Data Protection Law: Evolution of the Swiss and European Landscape

Data Protection Law: Evolution of the Swiss and European Landscape

Data Protection Law: Evolution of the Swiss and European landscape

Regulation (EU) 2016/679 will enter into force on May 24, 2018. Until then, the member states of the EU will have to adapt their legislation in order to allow businesses and individuals to comply with their obligations through the adoption of codes of conduct, certification procedures and surveillance programs. The national data protection authorities will be able to impose fines on corporations of up to 4% of their worldwide annual turnover and to issue joint sanctions. Moreover, the GDPR provides for the creation of a European Data Protection Board, which will supervise the member states’ national authorities and arbitrate any conflicts between them.

In Switzerland, the Federal Council issued its draft of the new Federal Data Protection Act (FDPA) on December 21, 2016. This in line with its "Swiss Digital Strategy" of April 20, 2016 and is the result of an evaluation of the current legislation. This study found (unsurprisingly) that the applicable laws were no longer adapted to the current state of technological evolutions and practices.

The draft was designed around several guiding principles, including in particular:

-       Risk based approach. The duties of the controllers of data will be stricter when the risks of violation of the rights and freedoms of the data subjects (individuals) are higher. As an example, a company that regularly processes "sensitive" data (data on health or political opinions, biometric data, etc.) and that regularly delegates the processing of data to sub-contractors ("processors") will be subject to more thorough scrutiny than a company that collects data only occasionally.

-       EU adapted terminology. The " file master" of the current FDPA will become the "processor". "Sensitive data" will now extend to biometric and genetic data. The concept of "profiling" specifically addresses the issue of the processing of data to predictive ends (Big Data, Smart Data).

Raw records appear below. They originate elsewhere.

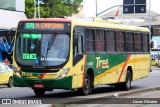 TREL - Transturismo Rei RJ 165.095 na cidade de Rio de Janeiro, Rio de Janeiro, Brasil, por Lucas Oliveira. ID da foto: :id.
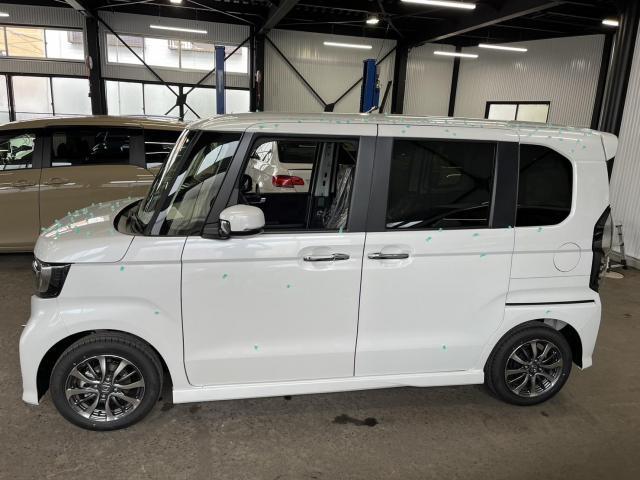 即時入庫可能　Honda　NBOX　新車　雹　前橋　玉村　伊勢崎　高崎　藤岡　群馬　栃木　佐野　鹿沼　行田　羽生　加須　久喜　埼玉　北関東　関東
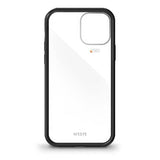 EFM Aspen Case Armour with D3O 5G Signal Plus - For iPhone 12 Pro Max 6.7" - Slate/Clear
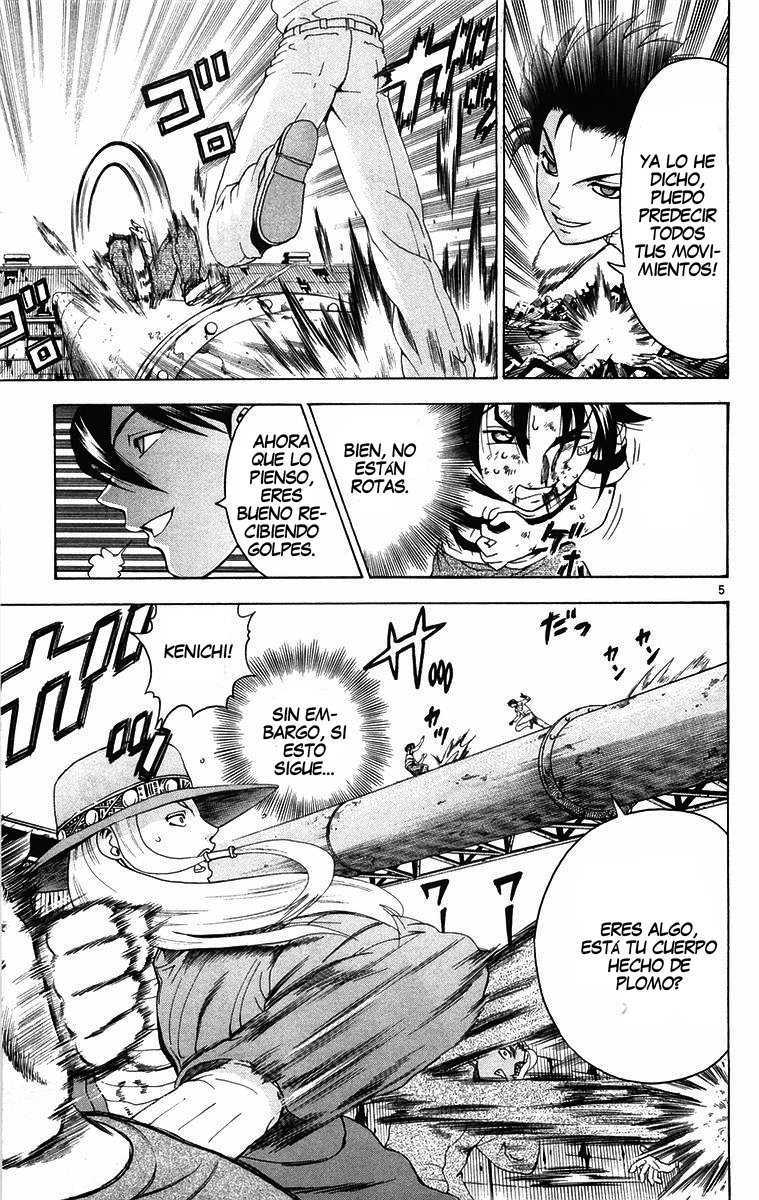 Read Shijo Saikyo no Deshi Kenichi es Manga Online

-       Improved exchanges of data with foreign countries. The transmission of data to a foreign country will remain subject to the adequate protection principle. However, the level of protection of foreign jurisdictions will not be determined by the controller itself but by the Federal Council directly.

-       Better protection of individual rights. The Draft reinforces and clarifies pre-existing rights (the right to obtain personal data from the controller – now freely of charge, the right to correction of personal data, the right to the prohibit of processing, the right to prohibit the transmission of personal data to a third party) and also introduces new rights (the right to be forgotten and the right to order destruction of personal data). The Draft also addresses the issue of rights relating to deceased persons and recognizes their heirs’ right to act.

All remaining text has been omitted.